Source material →
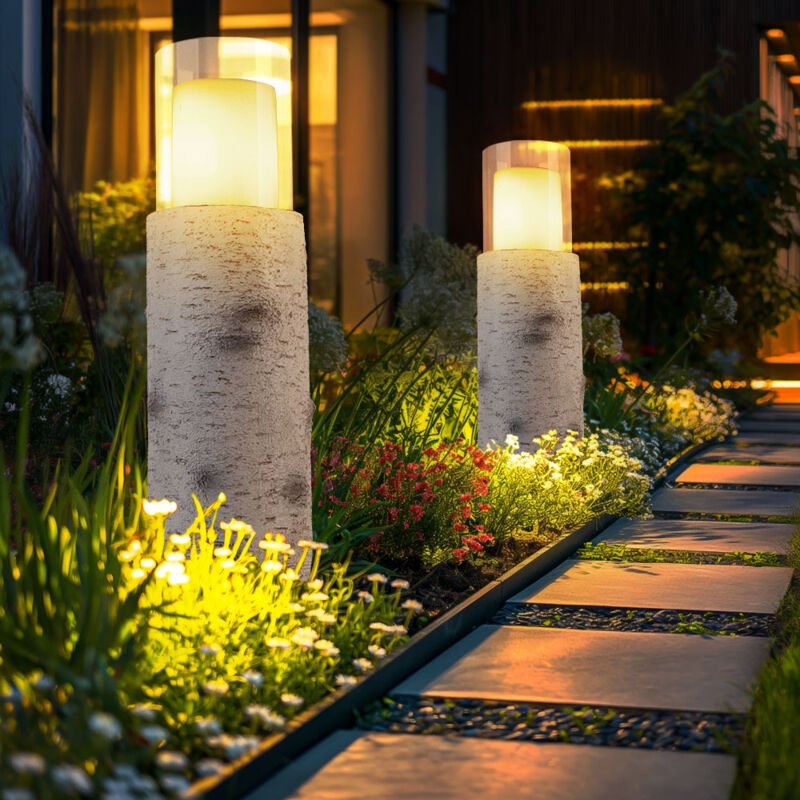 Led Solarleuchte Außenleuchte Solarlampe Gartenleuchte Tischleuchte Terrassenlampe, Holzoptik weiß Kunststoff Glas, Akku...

==

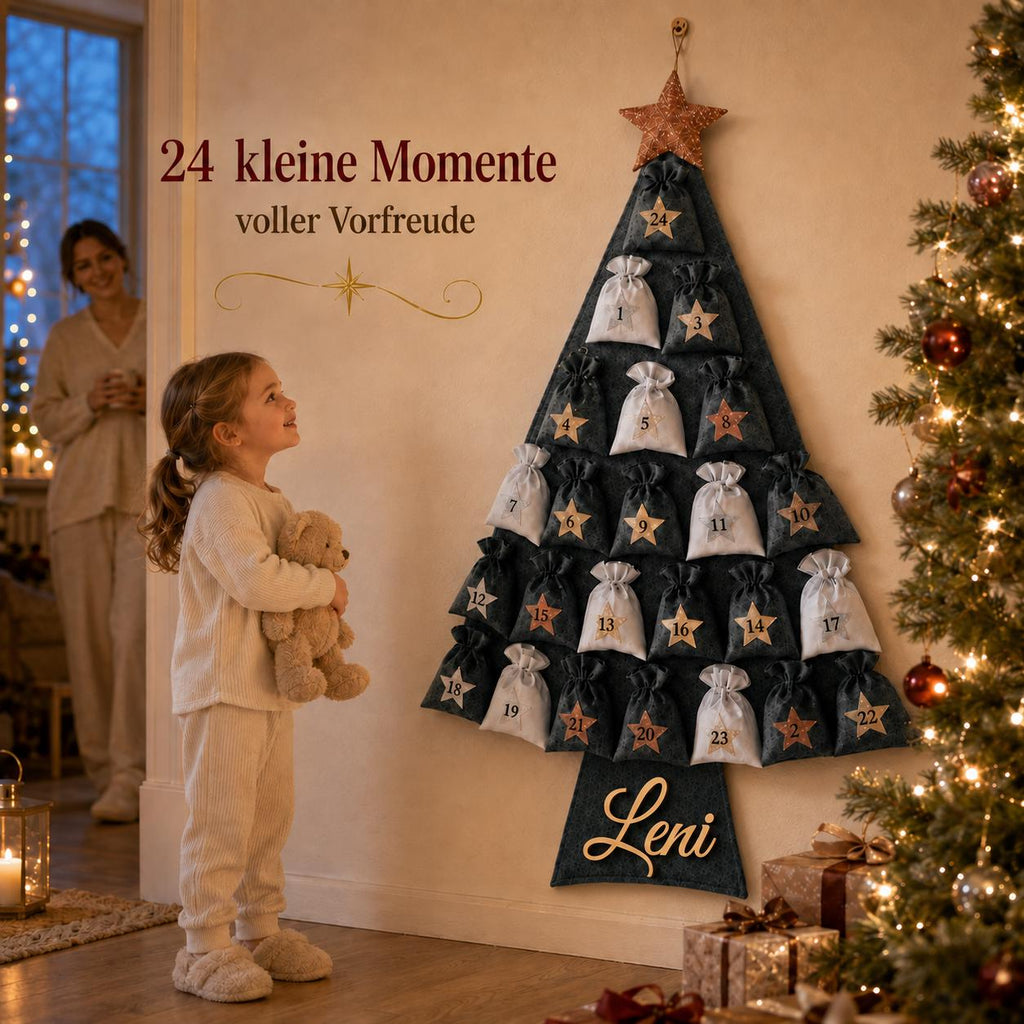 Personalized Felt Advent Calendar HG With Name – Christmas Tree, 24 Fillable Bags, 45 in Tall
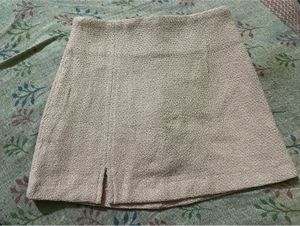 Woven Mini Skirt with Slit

Task objective → Although pictures appear among the records above, none are to be output; print exactly the lines from the line containing "Personalized Felt Advent" through the line containing "Woven Mini Skirt with Slit".

Reply to the exercise →
 Personalized Felt Advent Calendar HG With Name – Christmas Tree, 24 Fillable Bags, 45 in Tall
 Woven Mini Skirt with Slit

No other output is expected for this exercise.